The number of neutrinos that detectors can observe increases with both neutrino beam intensity and detector size. The high intensity of the NuMI beamline, the most intense high-energy neutrino beam in the world, allows MINERvA to use a relatively small detector with many sensitive channels per unit volume to zoom in on the details of the neutrino interaction. This attention to detail will allow MINERvA to study the properties of the nuclei struck by the neutrinos and also to examine neutrino reactions.
To identify particles emerging from neutrino interactions, the MINERvA detector uses plastic scintillators that emit light when ionizing radiation or charged particles go through them. If placed end-to-end, the scintillator bars in the MINERvA detector would stretch 70 miles, about the distance from Fermilab's site in Batavia, Ill., to downtown Chicago and back. Fermilab, in collaboration with Northern Illinois University and with support from the state of Illinois, reduced the cost of procuring those scintillators by developing a state-of-the-art scintillating plastic extrusion facility on site. Engineers at the facility now build high-quality, low-cost detectors for particle physics experiments all around the world.
Researchers will assemble the detector in front of the MINOS, or Main Injector Neutrino Oscillation Search, near detector at Fermilab.
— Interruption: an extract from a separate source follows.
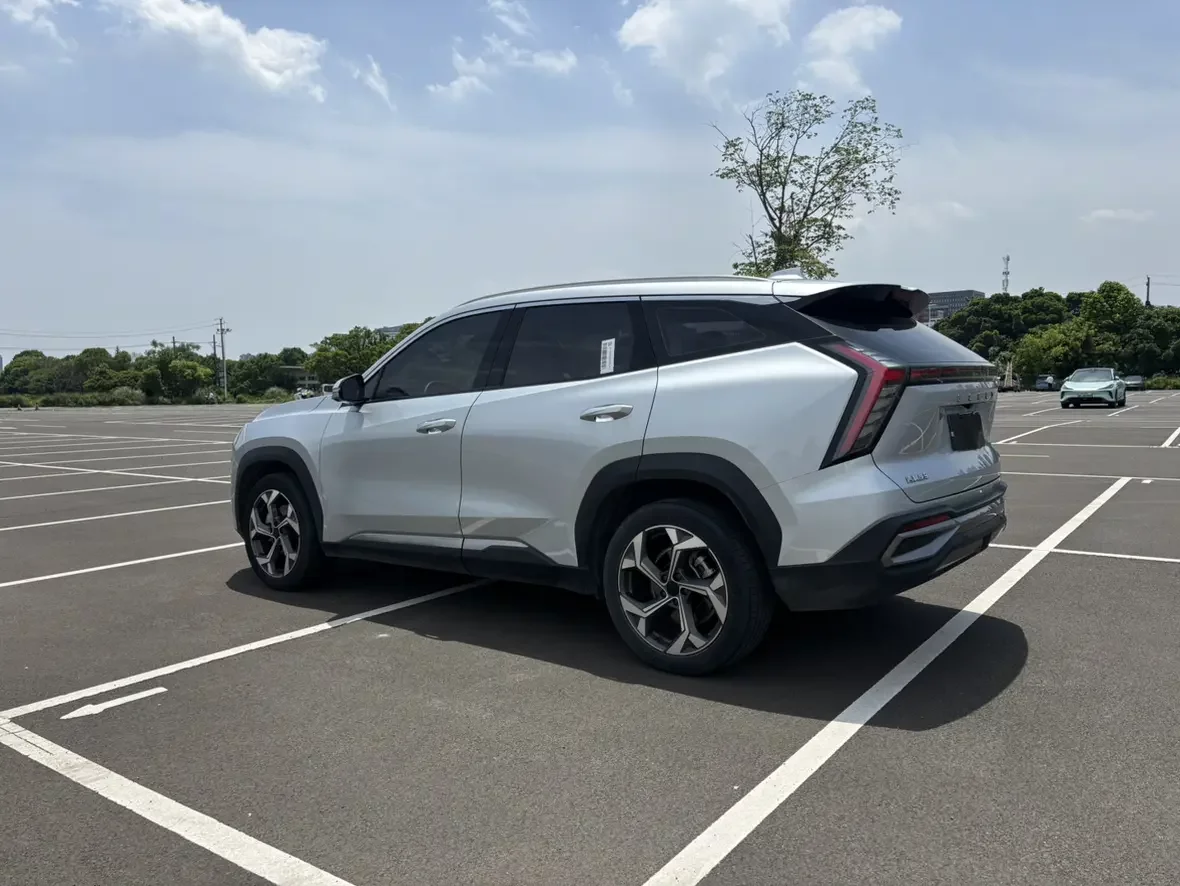 Geely Atlas L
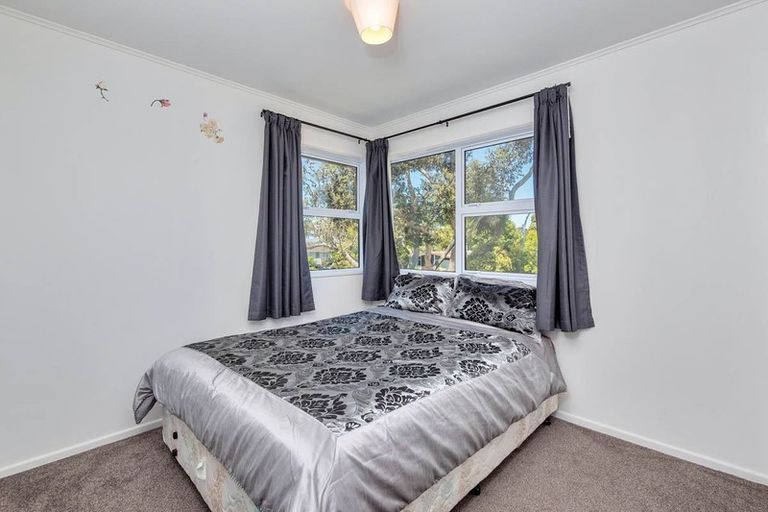 Photo of property in 31 Thornlow Street, Glendene, Auckland, 0602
MINERvA is a collaboration of nuclear and particle physicists from 18 institutions in the United States, Europe and South America. Technicians finished the first detector module in early 2006 and plan to complete construction in 2010.
MICE
Researchers looking for a method of cooling muons designed the MICE experiment to test the effectiveness of a technique called ionization cooling. Ionization cooling takes place when muons are sent through an absorber in which they lose momentum via ionization energy loss. They are then reaccelerated in a linear accelerator where their energy is restored only in the forward direction. MICE will use a single particle beam, with not more than one muon passing through the detector about every 10 nanoseconds. The experiment needs to balance the cooling from energy loss with the heating from multiple scattering of the muons.
Dark Energy Survey
The Dark Energy Survey, DES, will use a state-of-the-art, wide-field CCD imager and an existing telescope at Cerro Tololo Inter-American Observatory in Chile to study the nature of dark energy. The DES will measure the density of dark energy and dark matter and study the expansion of the universe by observing galaxy clusters; the distortion of light from distant galaxies, known as weak gravitational lensing; galaxy angular clustering; and supernovae.
JDEM
The Joint Dark Energy Mission will take precise measurements of the expansion rate of the universe in an effort to understand how it has changed over time. This could tell astrophysicists more about the nature of dark energy. JDEM will study the expansion rate with a space-based wide-field telescope using three different methods.
First, JDEM will compare the brightness of light from supernovae to the redshift of their light to determine the difference between the rate of expansion in the past and the rate of expansion closer to the present. Second, the observatory will study weak gravitational lensing, the slight distortion of images of distant galaxies caused by the bending of light by intervening mass. The level of distortion depends on the distance the light must travel and the distribution of the mass of the universe, as affected by its expansion. Third, JDEM will study the large-scale distribution of matter in the study of baryon acoustic oscillation. This technique studies the difference between the present distribution of matter and indications of the past distribution of matter that remain as temperature differences in the cosmic microwave background.
JDEM will be funded and developed by NASA and the Office of High Energy Physics at the U.S. Department of Energy. Launch is planned for around 2016.